Exercise objective » Among the entries below, find the line with "قرعة دوري أبطال", then quote it and each following line up to and including the line with "Business Card Design", and nothing else.

□ □ □ □ □ □ □

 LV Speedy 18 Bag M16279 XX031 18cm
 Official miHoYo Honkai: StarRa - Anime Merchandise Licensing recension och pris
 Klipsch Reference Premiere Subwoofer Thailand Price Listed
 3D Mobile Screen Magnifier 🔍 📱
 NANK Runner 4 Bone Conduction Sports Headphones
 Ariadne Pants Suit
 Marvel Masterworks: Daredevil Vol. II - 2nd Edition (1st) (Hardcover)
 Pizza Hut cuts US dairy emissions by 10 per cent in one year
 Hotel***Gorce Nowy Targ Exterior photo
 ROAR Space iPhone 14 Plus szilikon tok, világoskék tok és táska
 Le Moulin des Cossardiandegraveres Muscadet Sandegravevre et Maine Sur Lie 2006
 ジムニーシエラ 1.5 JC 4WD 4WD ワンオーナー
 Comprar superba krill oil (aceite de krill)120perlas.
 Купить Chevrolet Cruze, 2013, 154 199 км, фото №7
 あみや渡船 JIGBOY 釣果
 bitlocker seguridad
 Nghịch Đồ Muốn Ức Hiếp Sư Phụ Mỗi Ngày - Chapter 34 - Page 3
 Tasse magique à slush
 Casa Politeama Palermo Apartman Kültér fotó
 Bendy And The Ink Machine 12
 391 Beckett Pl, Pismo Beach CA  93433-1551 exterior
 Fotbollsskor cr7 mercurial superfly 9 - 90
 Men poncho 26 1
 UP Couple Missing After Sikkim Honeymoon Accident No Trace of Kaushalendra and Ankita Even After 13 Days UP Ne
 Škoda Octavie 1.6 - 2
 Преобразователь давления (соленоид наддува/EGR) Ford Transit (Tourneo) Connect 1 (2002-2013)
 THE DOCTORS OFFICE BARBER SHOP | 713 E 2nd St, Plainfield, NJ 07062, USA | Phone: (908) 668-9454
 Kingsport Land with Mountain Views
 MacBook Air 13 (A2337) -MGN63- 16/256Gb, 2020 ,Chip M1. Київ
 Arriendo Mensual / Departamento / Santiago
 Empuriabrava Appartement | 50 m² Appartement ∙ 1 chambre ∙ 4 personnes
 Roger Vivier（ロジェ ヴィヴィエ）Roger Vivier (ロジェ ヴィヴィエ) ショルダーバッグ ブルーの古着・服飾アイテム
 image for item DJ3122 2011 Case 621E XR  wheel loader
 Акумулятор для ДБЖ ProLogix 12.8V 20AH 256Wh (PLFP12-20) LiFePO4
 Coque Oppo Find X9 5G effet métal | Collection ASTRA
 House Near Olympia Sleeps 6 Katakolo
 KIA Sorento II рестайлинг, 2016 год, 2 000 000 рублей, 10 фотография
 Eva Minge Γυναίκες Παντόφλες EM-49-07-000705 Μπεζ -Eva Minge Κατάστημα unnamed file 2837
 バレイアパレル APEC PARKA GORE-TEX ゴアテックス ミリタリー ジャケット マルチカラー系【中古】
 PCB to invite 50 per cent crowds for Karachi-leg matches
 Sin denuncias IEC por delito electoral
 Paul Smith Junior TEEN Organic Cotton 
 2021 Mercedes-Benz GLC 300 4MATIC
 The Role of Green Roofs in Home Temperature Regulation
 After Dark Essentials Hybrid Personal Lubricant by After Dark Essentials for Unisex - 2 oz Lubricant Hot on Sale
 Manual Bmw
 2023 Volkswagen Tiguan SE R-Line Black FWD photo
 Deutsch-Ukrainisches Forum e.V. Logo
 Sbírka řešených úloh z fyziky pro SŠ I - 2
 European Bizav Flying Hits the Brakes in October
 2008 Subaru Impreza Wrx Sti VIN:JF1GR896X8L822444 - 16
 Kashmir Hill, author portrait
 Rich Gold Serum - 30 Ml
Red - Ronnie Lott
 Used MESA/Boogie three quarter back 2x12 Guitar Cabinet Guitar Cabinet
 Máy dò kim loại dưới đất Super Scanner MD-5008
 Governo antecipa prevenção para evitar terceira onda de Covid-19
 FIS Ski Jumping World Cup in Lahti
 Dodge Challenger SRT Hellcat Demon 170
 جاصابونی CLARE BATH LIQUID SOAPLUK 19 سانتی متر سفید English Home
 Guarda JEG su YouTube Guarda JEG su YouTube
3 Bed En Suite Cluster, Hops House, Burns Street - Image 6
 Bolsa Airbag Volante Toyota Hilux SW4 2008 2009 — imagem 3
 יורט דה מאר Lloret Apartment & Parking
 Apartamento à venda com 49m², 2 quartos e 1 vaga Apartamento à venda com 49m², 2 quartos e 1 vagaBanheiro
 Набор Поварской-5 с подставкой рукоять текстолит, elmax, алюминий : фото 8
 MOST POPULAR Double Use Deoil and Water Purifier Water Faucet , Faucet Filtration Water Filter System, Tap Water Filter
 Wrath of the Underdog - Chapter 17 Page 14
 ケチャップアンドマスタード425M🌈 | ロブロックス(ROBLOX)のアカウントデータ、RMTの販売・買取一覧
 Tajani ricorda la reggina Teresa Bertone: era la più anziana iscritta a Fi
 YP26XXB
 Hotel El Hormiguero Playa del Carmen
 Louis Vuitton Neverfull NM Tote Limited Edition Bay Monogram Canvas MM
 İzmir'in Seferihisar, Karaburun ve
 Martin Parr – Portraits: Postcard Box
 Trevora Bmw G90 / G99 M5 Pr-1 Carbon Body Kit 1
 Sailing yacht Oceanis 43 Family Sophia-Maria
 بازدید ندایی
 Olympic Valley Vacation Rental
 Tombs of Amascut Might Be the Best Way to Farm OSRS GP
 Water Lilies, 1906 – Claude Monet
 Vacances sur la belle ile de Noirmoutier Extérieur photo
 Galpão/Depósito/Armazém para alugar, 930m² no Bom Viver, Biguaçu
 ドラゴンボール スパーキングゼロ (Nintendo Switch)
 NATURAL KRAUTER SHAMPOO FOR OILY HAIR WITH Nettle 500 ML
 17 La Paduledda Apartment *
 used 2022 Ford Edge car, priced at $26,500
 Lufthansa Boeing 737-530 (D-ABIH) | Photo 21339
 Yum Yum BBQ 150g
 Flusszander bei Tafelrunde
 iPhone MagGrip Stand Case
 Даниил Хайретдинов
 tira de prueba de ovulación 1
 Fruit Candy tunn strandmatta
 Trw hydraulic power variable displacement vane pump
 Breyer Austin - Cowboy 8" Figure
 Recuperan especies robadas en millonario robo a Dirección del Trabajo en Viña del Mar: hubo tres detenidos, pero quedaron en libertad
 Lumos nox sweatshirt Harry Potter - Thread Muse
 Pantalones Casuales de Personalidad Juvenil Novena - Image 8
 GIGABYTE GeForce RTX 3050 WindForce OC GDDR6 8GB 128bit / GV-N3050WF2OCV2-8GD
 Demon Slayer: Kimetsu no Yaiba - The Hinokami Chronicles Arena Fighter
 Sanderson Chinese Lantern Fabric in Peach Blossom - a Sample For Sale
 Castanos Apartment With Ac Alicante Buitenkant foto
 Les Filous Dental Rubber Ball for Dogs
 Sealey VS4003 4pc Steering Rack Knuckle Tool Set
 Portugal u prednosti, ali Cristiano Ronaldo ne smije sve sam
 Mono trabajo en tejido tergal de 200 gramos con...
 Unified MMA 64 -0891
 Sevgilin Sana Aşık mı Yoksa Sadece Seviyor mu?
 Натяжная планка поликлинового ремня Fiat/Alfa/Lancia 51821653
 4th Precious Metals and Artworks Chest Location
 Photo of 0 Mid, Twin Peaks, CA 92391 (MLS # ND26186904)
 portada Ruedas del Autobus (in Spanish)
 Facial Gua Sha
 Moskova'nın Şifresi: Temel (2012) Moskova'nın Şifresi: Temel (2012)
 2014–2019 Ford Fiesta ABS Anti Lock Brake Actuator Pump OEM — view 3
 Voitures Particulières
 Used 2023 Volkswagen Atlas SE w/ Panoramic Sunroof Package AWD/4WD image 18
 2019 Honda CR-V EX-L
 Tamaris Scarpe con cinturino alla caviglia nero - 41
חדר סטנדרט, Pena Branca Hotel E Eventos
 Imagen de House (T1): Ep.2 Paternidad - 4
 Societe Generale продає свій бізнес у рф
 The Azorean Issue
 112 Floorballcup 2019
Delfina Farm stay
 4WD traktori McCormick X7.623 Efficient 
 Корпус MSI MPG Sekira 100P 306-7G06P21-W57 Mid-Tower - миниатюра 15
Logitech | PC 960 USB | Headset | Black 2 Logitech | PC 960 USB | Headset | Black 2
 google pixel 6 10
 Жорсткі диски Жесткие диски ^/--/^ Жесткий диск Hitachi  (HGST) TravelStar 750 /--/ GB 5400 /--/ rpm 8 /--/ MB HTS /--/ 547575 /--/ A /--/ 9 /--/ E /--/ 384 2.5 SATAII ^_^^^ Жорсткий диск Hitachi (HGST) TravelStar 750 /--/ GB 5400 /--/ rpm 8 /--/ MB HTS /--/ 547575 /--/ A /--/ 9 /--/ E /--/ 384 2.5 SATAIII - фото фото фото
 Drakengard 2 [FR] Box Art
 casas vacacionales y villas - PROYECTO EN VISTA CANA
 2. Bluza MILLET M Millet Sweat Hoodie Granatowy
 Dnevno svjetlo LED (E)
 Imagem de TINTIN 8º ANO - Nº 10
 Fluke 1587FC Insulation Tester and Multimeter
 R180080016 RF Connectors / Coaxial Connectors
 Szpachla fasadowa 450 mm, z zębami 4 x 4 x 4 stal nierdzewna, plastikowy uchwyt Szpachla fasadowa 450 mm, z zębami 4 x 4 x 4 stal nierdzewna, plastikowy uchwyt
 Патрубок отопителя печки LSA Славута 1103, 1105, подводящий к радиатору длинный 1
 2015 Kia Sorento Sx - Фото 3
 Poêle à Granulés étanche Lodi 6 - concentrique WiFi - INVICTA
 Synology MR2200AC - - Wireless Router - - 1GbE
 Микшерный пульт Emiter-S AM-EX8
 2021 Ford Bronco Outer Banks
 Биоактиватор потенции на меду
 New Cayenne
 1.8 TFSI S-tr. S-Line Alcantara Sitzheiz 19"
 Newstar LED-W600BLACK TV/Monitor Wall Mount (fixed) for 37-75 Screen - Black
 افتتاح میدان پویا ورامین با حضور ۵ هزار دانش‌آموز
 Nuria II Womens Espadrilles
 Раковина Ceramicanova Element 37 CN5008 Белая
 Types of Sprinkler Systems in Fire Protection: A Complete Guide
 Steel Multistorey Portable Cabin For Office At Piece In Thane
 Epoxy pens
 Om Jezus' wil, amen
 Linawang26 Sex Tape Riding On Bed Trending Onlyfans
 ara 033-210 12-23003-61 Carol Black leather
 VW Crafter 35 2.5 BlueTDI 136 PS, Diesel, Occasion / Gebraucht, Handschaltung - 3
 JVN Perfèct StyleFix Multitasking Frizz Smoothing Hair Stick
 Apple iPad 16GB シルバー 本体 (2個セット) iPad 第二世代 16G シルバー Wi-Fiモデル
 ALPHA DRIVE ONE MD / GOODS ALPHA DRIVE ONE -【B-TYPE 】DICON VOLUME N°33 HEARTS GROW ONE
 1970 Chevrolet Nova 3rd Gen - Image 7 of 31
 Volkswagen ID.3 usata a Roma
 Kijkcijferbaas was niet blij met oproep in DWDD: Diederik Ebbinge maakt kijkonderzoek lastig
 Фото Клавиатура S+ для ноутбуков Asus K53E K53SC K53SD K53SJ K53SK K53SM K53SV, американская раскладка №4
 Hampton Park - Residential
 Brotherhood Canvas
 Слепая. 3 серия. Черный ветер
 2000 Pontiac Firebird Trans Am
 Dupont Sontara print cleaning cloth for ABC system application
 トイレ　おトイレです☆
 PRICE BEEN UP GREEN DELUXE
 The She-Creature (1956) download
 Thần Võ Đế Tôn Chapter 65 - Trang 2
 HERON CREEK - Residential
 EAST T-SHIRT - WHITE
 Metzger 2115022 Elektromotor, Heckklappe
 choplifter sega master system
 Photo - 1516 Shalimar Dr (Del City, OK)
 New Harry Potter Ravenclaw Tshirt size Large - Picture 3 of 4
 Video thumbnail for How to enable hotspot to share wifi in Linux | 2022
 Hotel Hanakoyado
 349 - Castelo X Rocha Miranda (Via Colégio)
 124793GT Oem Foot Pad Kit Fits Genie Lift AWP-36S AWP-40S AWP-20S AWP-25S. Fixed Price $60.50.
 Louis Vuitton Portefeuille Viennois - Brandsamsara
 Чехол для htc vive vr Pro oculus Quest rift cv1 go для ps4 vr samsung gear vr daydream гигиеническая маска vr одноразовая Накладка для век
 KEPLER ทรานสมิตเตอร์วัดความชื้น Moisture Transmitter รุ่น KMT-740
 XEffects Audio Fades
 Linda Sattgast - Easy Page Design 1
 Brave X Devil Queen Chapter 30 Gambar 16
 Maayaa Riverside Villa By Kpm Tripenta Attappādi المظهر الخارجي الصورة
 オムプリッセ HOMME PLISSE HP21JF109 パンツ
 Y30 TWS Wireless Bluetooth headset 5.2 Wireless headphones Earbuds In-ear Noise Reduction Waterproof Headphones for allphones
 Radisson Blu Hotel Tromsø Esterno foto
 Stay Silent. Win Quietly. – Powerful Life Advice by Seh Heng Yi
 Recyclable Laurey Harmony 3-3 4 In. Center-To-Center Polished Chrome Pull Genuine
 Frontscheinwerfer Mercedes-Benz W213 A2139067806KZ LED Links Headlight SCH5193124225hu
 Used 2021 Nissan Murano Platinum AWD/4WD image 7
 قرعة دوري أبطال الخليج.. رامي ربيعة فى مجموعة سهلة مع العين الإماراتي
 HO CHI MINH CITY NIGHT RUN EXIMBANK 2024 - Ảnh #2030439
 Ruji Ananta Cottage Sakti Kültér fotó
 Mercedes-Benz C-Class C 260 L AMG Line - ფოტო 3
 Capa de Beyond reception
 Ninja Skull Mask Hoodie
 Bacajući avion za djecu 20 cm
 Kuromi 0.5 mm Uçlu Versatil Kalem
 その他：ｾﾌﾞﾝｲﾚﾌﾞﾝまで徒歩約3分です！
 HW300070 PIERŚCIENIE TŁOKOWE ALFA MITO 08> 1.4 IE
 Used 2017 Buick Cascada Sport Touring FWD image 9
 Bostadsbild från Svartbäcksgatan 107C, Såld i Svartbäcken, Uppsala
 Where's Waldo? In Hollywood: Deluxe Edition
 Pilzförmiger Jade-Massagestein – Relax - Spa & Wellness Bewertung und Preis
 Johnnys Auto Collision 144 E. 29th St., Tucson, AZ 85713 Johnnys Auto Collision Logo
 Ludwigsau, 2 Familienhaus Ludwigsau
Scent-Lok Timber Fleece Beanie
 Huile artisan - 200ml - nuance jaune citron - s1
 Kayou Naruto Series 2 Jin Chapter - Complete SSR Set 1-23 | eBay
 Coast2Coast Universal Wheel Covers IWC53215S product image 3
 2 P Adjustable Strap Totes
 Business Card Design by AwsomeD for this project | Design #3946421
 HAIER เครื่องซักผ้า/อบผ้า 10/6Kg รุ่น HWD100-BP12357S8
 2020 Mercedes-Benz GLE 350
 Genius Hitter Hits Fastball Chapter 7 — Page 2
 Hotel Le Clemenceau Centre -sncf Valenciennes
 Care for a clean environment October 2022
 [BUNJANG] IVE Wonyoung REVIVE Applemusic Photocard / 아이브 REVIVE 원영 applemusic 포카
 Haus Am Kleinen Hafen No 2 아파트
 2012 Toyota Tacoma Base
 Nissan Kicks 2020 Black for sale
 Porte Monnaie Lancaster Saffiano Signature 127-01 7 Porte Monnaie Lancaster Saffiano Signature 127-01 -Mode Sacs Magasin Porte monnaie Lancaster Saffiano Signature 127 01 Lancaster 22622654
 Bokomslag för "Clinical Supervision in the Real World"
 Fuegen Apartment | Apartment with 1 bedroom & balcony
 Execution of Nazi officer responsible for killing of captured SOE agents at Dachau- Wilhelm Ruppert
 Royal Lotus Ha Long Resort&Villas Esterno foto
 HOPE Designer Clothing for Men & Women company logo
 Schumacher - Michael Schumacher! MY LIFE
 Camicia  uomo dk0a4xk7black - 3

□ □ □ □ □ □ □

Response for this exercise »
 قرعة دوري أبطال الخليج.. رامي ربيعة فى مجموعة سهلة مع العين الإماراتي
 HO CHI MINH CITY NIGHT RUN EXIMBANK 2024 - Ảnh #2030439
 Ruji Ananta Cottage Sakti Kültér fotó
 Mercedes-Benz C-Class C 260 L AMG Line - ფოტო 3
 Capa de Beyond reception
 Ninja Skull Mask Hoodie
 Bacajući avion za djecu 20 cm
 Kuromi 0.5 mm Uçlu Versatil Kalem
 その他：ｾﾌﾞﾝｲﾚﾌﾞﾝまで徒歩約3分です！
 HW300070 PIERŚCIENIE TŁOKOWE ALFA MITO 08> 1.4 IE
 Used 2017 Buick Cascada Sport Touring FWD image 9
 Bostadsbild från Svartbäcksgatan 107C, Såld i Svartbäcken, Uppsala
 Where's Waldo? In Hollywood: Deluxe Edition
 Pilzförmiger Jade-Massagestein – Relax - Spa & Wellness Bewertung und Preis
 Johnnys Auto Collision 144 E. 29th St., Tucson, AZ 85713 Johnnys Auto Collision Logo
 Ludwigsau, 2 Familienhaus Ludwigsau
Scent-Lok Timber Fleece Beanie
 Huile artisan - 200ml - nuance jaune citron - s1
 Kayou Naruto Series 2 Jin Chapter - Complete SSR Set 1-23 | eBay
 Coast2Coast Universal Wheel Covers IWC53215S product image 3
 2 P Adjustable Strap Totes
 Business Card Design by AwsomeD for this project | Design #3946421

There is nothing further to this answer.